(DATA LISTING):
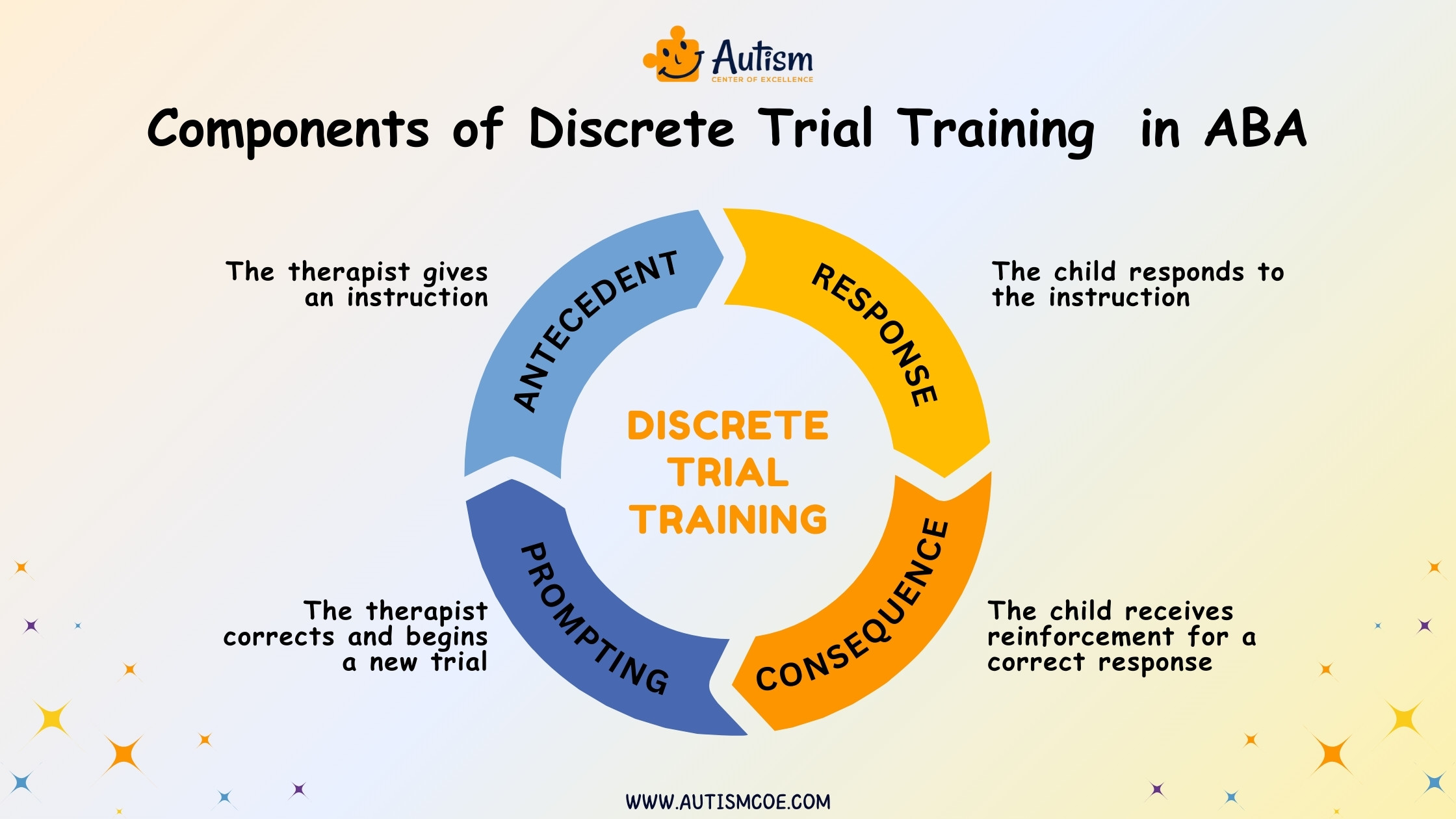 Steps of Discrete Trial Training in ABA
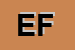 Logo di ELETTRONEON FONTANI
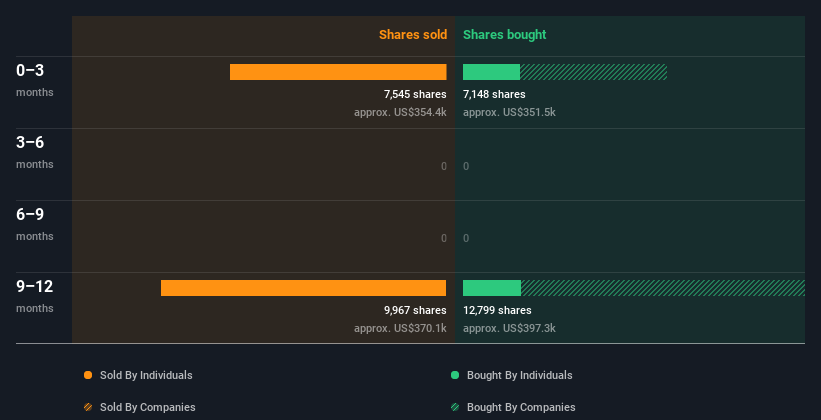 insider-trading-volume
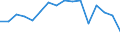 TOTAL FISHERY PRODUCTS / All presentation forms / Total / Tonnes product weight / Denmark / Germany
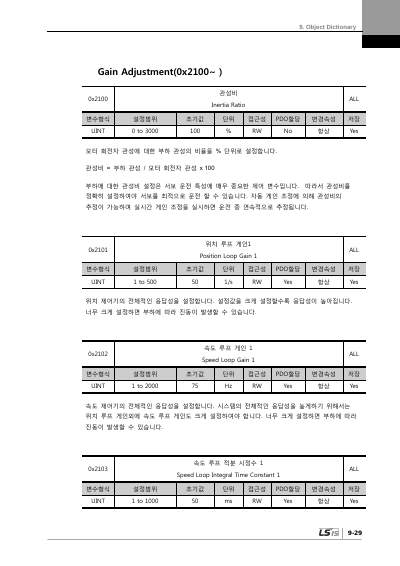XDL-L7NH 200V V1.2 사용설명서 (국문)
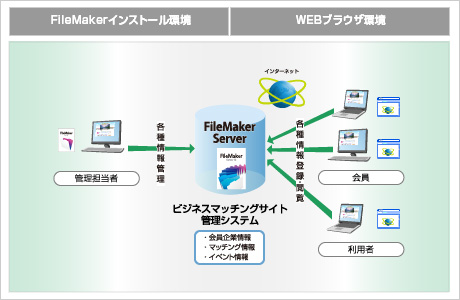 ビジネスマッチングサイト管理システム構成図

(ABOUT THIS TASK): Your answer must be exactly the lines from the one with "insider-trading-volume" through the last line of the entries, both included, with no pictures; please add nothing else.

(SOLUTION FOR THIS PROBLEM):
 insider-trading-volume
 TOTAL FISHERY PRODUCTS / All presentation forms / Total / Tonnes product weight / Denmark / Germany
XDL-L7NH 200V V1.2 사용설명서 (국문)
 ビジネスマッチングサイト管理システム構成図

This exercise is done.